What this post is about is a consideration of why this is still an issue that the media report on (and scientists publish on; the two are synergistic of course), since most scientists aware of past debates are in good agreement that a T. rex was like most other carnivores. It was opportunistic as a switch-hitting scavenger-predator, not a remarkably stupid animal that would turn down a proper meal depending on whether it was dead or alive. Indeed, the Nature news piece has a juicy quote from Horner that implies (although I do not know if it was edited or if important context is missing) that he has been in favor of the opportunistic predator-scavenger conclusion for some time. Thus, as Switek?s article notes, even the strongest advocates of the obligate scavenger hypothesis have changed their minds; indeed, that 2011 blog post intimates that this had already happened at least two years ago.
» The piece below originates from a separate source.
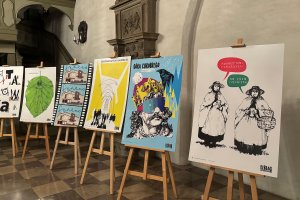 Miasto na plakacie. Wyjątkowa wystawa w Kamieniczkach Elbląskich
For many years, nothing has been published in the main peer-reviewed literature that favors that extreme obligate scavenger hypothesis. If I am wrong and there is a scientific debate, where are the recent papers (say within the past five years) that are strong, respectable arguments in favor of it? I contend that it is a dead issue. And if it is just about the middle ground?i.e. what percent of its time did a?T. rex?spend hunting vs. scavenging?we have no clue and may never know, and it?s not a very interesting question. Yes, the new find is a neat fossil. But a different duckbill dinosaur specimen in Denver whose tail a tyrannosaur had reputedly taken a bite out of has been known of for over 15 years , so the novelty of this new specimen is questionable.

Source: http://www.slate.com/articles/health_and_science/science/2013/07/tyrannosaurus_rex_tooth_in_a_hadrosaur_the_scavenger_vs_predator_debate.html

liberace Robbie Rogers indy 500 adam levine Blue Is the Warmest Color johnny cash smash

No comments:

Post a Comment

Note: Only a member of this blog may post a comment.